Mulai dari organisasi mahasiswa, organisasi kepemudaan dan organisasi masyarakat yang ada, pemuda haruslah aktif membangun “politik sebagai pikiran”, “politik sebagai perjuangan”. Dimana politik berivisi memperjuangkan mereka yang terusir dari sistem kordinat politik oligarkis, yakni mereka; “rakyat” sebagai tubuh demokrasi yang justru disingkirkan dari demos.

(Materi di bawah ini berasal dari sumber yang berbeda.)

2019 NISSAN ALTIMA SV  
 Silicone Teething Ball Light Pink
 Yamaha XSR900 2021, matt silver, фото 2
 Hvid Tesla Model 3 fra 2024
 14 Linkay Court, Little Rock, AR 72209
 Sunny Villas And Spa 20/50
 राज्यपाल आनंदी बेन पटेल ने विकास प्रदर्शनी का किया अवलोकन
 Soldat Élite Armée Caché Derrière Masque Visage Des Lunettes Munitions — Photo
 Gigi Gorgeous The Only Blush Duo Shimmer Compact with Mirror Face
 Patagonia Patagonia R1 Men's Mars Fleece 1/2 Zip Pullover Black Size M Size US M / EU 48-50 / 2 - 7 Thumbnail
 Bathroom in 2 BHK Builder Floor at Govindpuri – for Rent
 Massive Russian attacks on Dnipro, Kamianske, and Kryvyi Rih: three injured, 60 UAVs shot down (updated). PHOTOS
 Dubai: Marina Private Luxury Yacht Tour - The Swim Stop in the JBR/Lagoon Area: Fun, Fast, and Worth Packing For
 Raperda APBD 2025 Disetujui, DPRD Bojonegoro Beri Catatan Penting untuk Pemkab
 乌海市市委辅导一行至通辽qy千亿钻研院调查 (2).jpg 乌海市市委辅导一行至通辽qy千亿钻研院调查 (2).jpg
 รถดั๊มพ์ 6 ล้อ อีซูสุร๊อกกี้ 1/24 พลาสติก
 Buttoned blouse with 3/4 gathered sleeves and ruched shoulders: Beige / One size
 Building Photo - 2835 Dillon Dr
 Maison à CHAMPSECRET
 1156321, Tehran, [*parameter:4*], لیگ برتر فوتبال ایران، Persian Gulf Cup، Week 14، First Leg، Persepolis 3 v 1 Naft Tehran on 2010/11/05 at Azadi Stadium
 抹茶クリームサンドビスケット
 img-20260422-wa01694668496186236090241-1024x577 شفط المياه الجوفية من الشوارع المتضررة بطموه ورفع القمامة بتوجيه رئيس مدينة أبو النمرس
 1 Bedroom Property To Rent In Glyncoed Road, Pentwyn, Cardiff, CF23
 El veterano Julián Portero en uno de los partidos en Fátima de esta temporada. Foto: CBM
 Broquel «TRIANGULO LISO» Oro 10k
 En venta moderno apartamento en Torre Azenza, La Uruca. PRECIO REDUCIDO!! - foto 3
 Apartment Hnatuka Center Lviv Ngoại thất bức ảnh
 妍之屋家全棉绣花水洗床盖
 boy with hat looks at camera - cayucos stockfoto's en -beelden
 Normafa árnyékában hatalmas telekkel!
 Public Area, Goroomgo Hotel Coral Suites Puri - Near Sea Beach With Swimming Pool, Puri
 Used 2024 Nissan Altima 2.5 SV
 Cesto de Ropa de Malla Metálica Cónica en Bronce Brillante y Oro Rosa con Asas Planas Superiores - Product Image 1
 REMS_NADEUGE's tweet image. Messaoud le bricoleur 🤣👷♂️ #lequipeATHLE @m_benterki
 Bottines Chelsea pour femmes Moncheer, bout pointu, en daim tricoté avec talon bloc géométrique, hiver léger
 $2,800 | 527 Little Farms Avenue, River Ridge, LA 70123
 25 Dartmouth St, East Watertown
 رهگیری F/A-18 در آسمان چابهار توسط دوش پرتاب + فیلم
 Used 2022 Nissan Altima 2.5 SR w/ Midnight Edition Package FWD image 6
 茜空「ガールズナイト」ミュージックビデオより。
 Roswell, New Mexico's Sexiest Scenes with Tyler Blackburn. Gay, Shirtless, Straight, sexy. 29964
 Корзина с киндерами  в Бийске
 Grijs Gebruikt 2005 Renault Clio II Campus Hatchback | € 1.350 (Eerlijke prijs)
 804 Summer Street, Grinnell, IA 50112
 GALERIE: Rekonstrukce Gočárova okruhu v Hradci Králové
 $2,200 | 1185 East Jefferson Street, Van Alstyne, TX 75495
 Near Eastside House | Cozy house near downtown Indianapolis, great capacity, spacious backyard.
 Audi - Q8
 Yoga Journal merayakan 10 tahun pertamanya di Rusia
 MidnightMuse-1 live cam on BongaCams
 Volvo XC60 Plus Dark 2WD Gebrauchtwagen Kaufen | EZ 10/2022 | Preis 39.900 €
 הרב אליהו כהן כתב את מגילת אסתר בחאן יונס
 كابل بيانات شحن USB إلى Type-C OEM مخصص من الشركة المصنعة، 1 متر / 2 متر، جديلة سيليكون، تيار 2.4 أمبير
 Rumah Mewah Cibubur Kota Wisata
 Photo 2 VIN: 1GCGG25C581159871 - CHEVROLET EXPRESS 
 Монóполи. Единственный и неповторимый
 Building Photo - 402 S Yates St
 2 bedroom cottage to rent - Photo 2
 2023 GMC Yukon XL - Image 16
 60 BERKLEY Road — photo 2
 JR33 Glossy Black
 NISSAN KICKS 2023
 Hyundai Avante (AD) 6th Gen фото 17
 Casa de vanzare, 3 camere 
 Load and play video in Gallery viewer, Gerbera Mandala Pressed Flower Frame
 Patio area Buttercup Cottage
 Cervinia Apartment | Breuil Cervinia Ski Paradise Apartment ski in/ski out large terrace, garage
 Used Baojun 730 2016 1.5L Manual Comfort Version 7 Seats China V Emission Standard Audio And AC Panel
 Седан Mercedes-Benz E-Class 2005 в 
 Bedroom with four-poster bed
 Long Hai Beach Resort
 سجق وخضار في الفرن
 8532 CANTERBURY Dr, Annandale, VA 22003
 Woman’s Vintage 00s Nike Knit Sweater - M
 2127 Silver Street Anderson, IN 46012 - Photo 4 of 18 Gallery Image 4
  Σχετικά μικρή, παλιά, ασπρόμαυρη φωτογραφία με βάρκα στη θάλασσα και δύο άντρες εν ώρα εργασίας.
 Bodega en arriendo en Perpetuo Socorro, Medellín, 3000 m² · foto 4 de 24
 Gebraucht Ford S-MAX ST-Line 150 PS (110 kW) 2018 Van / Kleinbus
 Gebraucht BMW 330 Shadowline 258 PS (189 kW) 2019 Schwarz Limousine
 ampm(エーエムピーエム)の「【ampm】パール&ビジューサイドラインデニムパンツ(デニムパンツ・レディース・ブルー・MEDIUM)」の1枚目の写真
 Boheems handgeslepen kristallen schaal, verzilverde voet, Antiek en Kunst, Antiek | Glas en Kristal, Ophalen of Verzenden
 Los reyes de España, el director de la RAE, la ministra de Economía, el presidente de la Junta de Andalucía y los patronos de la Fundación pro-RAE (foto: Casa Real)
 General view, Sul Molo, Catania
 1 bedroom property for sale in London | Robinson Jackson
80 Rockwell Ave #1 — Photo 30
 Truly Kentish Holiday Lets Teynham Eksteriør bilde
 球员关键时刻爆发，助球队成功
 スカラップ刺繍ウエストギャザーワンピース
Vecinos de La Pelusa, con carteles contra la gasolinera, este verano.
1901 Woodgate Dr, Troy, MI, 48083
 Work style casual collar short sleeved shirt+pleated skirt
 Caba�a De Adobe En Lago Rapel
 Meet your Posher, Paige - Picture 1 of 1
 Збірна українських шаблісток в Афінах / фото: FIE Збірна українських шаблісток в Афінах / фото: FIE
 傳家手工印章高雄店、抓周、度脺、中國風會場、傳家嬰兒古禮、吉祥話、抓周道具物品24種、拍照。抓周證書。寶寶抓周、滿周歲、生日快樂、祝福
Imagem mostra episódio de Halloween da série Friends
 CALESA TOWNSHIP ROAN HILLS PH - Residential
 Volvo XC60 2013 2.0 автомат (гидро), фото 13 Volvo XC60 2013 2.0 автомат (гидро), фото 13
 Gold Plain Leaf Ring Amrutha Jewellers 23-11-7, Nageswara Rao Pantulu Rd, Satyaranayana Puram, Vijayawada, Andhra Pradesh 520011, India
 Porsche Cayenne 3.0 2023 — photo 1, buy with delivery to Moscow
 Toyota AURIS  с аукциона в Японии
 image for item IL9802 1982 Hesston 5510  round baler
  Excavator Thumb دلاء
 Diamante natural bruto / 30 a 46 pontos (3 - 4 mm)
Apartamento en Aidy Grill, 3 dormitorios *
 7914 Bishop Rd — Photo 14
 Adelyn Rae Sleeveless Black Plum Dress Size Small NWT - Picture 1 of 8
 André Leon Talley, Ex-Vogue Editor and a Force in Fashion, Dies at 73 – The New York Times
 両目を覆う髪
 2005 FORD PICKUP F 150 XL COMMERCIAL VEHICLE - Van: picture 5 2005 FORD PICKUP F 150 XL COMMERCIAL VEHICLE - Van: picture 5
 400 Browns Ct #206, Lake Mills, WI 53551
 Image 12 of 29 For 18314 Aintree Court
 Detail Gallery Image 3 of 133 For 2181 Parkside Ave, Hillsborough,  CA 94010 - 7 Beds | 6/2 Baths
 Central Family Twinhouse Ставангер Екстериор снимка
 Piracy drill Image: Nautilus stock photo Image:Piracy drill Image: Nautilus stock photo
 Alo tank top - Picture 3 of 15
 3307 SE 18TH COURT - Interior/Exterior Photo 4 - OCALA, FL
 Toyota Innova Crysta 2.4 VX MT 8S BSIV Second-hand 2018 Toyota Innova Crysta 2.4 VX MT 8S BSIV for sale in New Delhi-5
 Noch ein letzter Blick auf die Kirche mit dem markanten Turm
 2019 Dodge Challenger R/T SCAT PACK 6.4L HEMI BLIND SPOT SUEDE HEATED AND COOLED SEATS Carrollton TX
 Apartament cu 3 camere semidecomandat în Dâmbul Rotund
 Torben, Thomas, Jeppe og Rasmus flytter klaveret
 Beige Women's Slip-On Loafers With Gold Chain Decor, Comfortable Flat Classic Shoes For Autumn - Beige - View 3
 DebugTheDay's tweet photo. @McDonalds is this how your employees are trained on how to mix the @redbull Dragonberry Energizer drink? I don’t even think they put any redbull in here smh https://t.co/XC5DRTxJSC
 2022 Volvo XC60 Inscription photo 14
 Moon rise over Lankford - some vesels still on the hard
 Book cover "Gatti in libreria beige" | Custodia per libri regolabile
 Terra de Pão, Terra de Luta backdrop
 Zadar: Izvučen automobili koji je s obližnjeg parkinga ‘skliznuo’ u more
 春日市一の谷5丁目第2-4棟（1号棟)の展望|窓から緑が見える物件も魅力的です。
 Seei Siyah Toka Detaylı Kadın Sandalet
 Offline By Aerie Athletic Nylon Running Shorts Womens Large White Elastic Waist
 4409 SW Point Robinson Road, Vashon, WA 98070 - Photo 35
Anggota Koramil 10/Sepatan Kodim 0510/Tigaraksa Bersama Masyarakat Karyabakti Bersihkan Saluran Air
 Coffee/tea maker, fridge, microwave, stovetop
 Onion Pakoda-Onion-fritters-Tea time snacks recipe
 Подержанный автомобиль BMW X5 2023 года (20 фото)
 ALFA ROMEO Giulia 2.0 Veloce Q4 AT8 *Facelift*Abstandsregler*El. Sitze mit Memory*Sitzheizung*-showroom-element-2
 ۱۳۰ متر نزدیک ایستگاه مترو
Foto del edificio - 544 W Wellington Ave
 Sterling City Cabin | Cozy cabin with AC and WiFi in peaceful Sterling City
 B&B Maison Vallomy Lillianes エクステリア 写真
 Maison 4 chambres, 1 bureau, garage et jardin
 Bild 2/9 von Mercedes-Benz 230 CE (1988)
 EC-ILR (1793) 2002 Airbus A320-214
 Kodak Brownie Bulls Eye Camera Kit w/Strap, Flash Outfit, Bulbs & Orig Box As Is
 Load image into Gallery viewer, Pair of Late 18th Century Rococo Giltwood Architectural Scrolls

Dengan kata lain, pemuda harus membangun nilai dan visi politik seperti apa yang dikatakan Jacques Rancière yakni politik sebagai upaya memperjuangan mereka; orang-orang “di luar hitungan”, rakyat yang terbungkam, yang bukan bagian dari himpunan, yang disisihkan untuk tak bisa ambil bagian.
Inilah tindakan yang disebut sebagai usaha menghidupkan kembali “Yang Politis” dari politik itu sendiri. Yang sekaligus sebagai sebuah upaya meniupkan kembali nyawa politik kaum muda yang telah mati dalam pasungan politik oligarki. Maka tantangannya, pemuda haruslah mampu berfikir out of the box, keluar dari mainstream politik transaksional dan politik kekerabatan, yang membuat politik mengalami menopause.

Kini tugasnya ialah melakukan “pembiasaan” (habituation) didalam komunitas politik yang digelutinya, yang kemudian melaluinya spirit dan visi politik sebagai pikiran dan politik sebagai perjuangan itu dibatinkan dan dicerminkan dalam tindakan sehari-hari.

Dari sinilah kemudian, sebuah habitus baru itu tercipta, sebuah budaya tandingan (counter-culture) dari arus mainstream politik saat ini itu eksis, yang darinya harapan, jalan perubahan dan kepemimpinan ideal itu dapat diciptakan, disemai dan direproduksi.